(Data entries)
+-------+

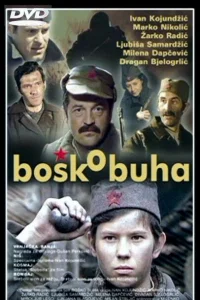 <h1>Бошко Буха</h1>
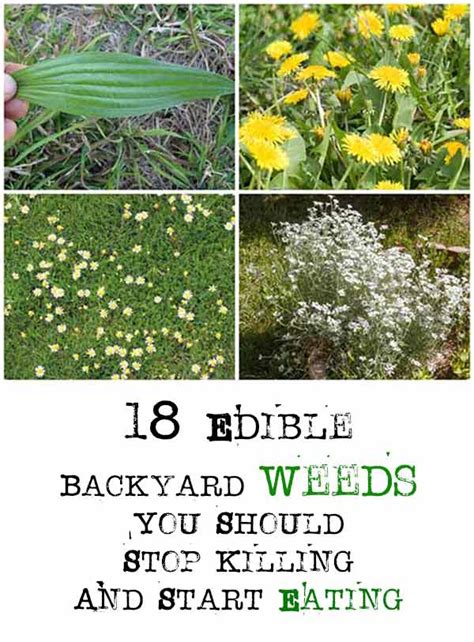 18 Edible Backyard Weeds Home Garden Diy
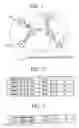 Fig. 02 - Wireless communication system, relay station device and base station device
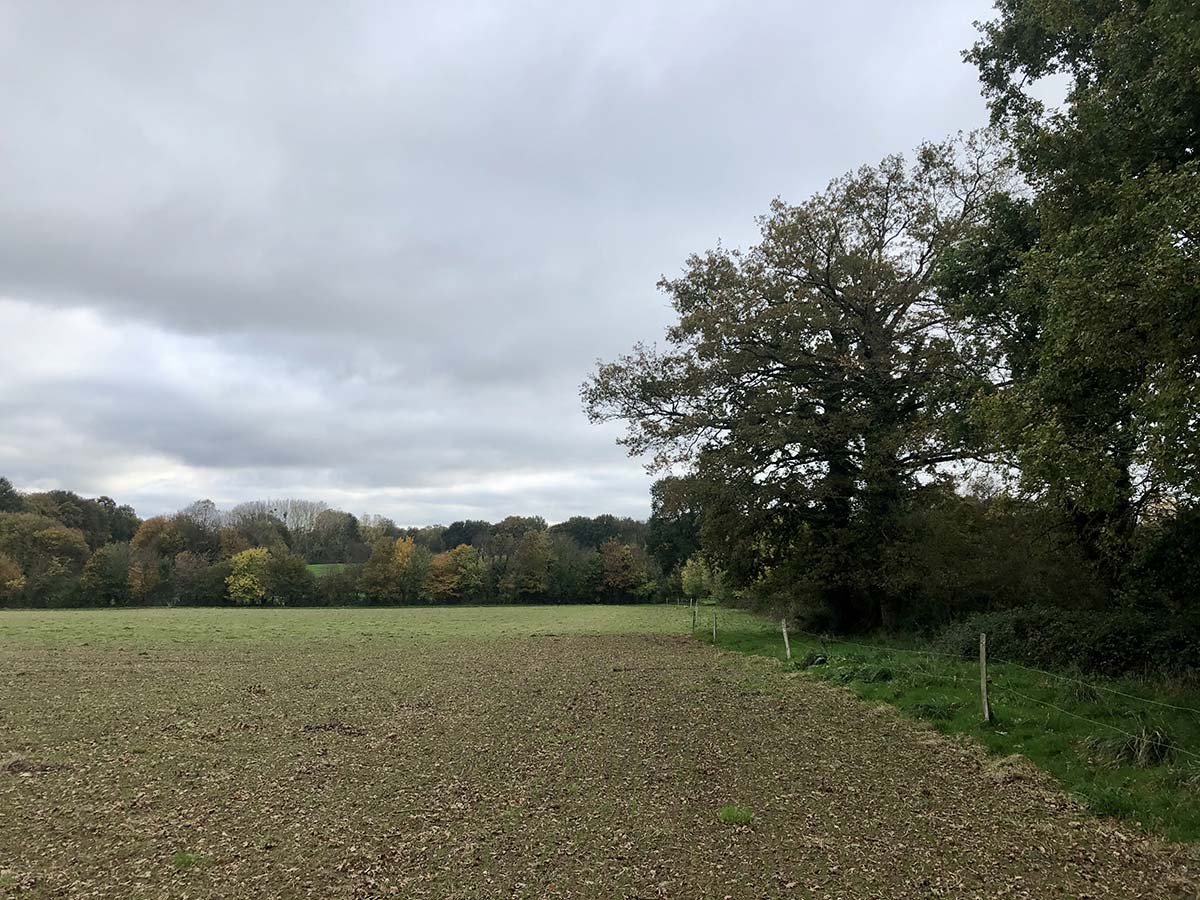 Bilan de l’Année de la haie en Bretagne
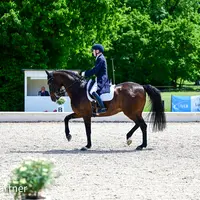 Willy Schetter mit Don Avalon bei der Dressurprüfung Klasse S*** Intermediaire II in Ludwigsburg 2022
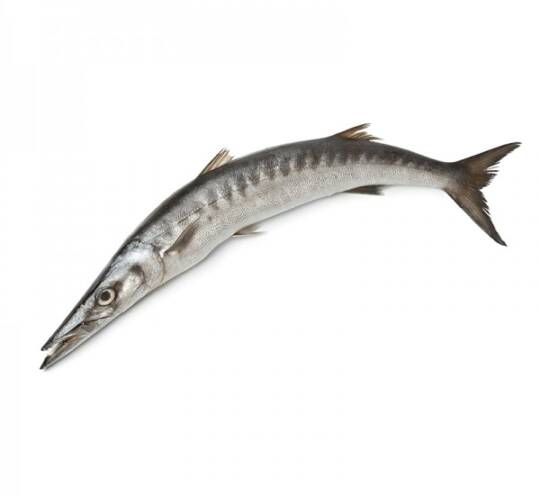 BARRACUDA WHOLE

+-------+

§ Work to be completed
Each entry needs to be returned verbatim, with its pictures left out.

§ Answer section
 <h1>Бошко Буха</h1>
 18 Edible Backyard Weeds Home Garden Diy
 Fig. 02 - Wireless communication system, relay station device and base station device
 Bilan de l’Année de la haie en Bretagne
 Willy Schetter mit Don Avalon bei der Dressurprüfung Klasse S*** Intermediaire II in Ludwigsburg 2022
 BARRACUDA WHOLE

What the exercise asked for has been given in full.